I had TT & BA in January. The TT was denied by Tricare previously. By Jan, I had BCBS, but assumed it still would not be covered, so I just paid out of pocket. I paid $9600 total, of which $4500 was for the TT. Afterward, they billed BCBS $24,700 for "diastasis of muscle" which was covered, & my share would have only been $992. I've had many F/U appts & a revision at no cost, but still feel this was dishonest. I really like my PS & I'm happy w/ the results. Am I right to ask for a refund?

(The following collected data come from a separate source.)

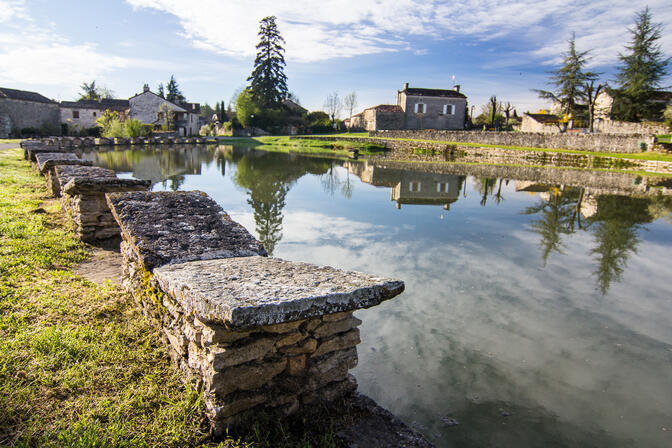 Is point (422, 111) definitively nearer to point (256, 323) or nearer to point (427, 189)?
point (427, 189)

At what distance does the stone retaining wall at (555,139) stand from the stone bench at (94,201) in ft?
120

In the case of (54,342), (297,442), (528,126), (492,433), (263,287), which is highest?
(528,126)

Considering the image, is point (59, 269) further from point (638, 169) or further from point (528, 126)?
point (528, 126)

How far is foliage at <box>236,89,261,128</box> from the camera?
5950 cm

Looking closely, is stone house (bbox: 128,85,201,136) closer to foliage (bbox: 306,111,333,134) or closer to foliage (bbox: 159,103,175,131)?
foliage (bbox: 159,103,175,131)

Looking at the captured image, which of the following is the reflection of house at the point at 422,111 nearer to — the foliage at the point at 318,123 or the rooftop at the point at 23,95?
the foliage at the point at 318,123

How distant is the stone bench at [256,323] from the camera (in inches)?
77.3

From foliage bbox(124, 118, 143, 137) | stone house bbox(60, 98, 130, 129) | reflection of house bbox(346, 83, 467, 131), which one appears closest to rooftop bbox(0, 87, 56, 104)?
stone house bbox(60, 98, 130, 129)

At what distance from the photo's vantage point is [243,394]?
2.19m

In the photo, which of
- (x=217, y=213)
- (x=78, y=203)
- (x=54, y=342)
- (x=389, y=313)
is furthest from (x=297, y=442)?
(x=78, y=203)

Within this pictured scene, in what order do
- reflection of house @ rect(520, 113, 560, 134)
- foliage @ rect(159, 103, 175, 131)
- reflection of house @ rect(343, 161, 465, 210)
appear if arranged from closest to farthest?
1. reflection of house @ rect(343, 161, 465, 210)
2. reflection of house @ rect(520, 113, 560, 134)
3. foliage @ rect(159, 103, 175, 131)

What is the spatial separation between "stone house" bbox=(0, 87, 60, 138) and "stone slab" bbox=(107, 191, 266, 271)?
5134 centimetres

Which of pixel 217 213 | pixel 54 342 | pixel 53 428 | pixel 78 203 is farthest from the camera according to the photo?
pixel 78 203

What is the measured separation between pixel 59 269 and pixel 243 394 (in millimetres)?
3527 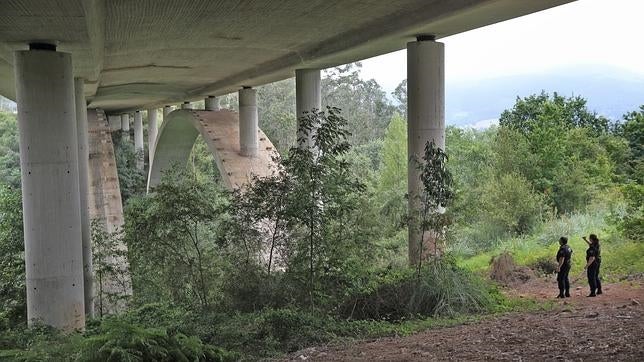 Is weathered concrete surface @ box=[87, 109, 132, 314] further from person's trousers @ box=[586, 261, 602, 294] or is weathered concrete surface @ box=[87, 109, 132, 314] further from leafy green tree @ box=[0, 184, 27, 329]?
person's trousers @ box=[586, 261, 602, 294]

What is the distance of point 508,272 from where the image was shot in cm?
1338

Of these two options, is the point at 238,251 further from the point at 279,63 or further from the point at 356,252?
the point at 279,63

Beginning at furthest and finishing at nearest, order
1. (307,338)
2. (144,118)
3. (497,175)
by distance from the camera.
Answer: (144,118) → (497,175) → (307,338)

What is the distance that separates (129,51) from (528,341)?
37.1 ft

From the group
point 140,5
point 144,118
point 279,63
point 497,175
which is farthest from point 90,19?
point 144,118

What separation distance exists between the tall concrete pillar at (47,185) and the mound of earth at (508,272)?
26.7 feet

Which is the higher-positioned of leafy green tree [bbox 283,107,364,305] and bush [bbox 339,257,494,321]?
leafy green tree [bbox 283,107,364,305]

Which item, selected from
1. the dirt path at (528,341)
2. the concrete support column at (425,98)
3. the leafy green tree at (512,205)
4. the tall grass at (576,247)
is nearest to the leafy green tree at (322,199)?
the dirt path at (528,341)

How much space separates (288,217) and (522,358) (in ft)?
14.3

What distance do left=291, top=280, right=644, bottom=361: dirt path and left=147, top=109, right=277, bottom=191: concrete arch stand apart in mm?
13539

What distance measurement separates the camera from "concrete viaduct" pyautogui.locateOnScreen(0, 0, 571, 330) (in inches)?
398

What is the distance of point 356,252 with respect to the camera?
10.0 m

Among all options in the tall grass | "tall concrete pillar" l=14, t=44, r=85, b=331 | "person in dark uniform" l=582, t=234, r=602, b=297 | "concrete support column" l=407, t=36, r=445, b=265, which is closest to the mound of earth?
the tall grass

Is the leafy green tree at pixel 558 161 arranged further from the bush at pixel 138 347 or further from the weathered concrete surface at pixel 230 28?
the bush at pixel 138 347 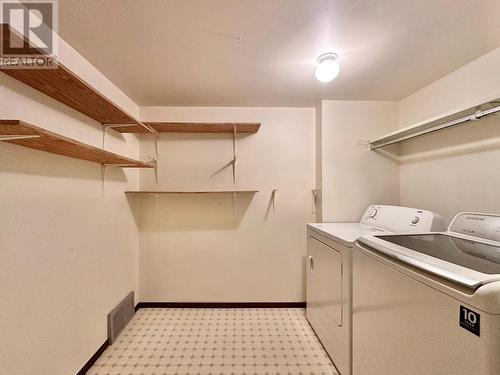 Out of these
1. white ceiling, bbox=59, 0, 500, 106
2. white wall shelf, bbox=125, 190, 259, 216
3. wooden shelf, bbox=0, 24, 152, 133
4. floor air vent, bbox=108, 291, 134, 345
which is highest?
white ceiling, bbox=59, 0, 500, 106

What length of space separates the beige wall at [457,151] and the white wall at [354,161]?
0.68 ft

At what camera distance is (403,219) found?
1855mm

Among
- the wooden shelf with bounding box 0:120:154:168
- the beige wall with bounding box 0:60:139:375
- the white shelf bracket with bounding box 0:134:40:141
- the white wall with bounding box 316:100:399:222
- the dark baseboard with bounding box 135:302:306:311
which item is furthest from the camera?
the dark baseboard with bounding box 135:302:306:311

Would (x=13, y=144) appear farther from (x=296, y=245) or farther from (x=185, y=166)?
(x=296, y=245)

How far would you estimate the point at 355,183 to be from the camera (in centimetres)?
247

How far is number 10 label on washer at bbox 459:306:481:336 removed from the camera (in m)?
0.69

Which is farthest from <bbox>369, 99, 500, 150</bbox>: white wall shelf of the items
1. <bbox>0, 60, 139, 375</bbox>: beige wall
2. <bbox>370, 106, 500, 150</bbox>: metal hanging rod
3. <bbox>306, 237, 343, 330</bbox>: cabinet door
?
<bbox>0, 60, 139, 375</bbox>: beige wall

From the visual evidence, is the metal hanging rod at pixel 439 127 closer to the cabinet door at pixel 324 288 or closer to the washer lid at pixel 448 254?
the washer lid at pixel 448 254

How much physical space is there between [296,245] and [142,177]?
2.02 meters

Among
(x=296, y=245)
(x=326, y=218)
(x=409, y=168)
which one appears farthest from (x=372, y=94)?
(x=296, y=245)

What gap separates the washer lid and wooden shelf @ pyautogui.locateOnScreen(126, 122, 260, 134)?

My Surgeon Billed my Insurance and Collected Even After I Had Already Paid in Full out of Pocket. Is This Right?
Doctor Answers 4
Insurance Billing for a Cosmetic Procedure
This is not as uncommon as you may suspect. If you do the surgery as a cosmetic patient and pay up front without the understanding made in advance that the physician and facility may bill for certain aspects of the procedure deemed "cover services" by your insurance company then it would certainly seem to be unethical. The fact that a physician will bill such a high fee and get paid so little is typical for insurance company reimbursements, and is one of the reasons most plastic surgeons don't accept insurance for these procedures since the payment is minimal and not reflective of the extent of the surgery performed. It may be that the initial pricing for your procedure was reduced with the expectation by the physician that in billing the insurance company they would recoup a modest amount thereby not charging you as much: in which case you wouldn't be due a refund for the covered part of the procedure had you agreed to this at the onset. You need to let your conscious dictate what to do but asking your insurance company will not give you any answers but only misinformation. In the end I think you just need to be aware that this possibility exists when you have plastic surgery and you should ask more questions. You may have received a financial benefit without you knowing because you probably have a deductible on your plan that the physician's office may have informed the insurance company that you met it, when you paid for the surgery, in order for them to receive what they did from BC. That means the next time you need medical or surgical services this year most if not all of your deductibles may have been met so you won't have as much out of pocket expense.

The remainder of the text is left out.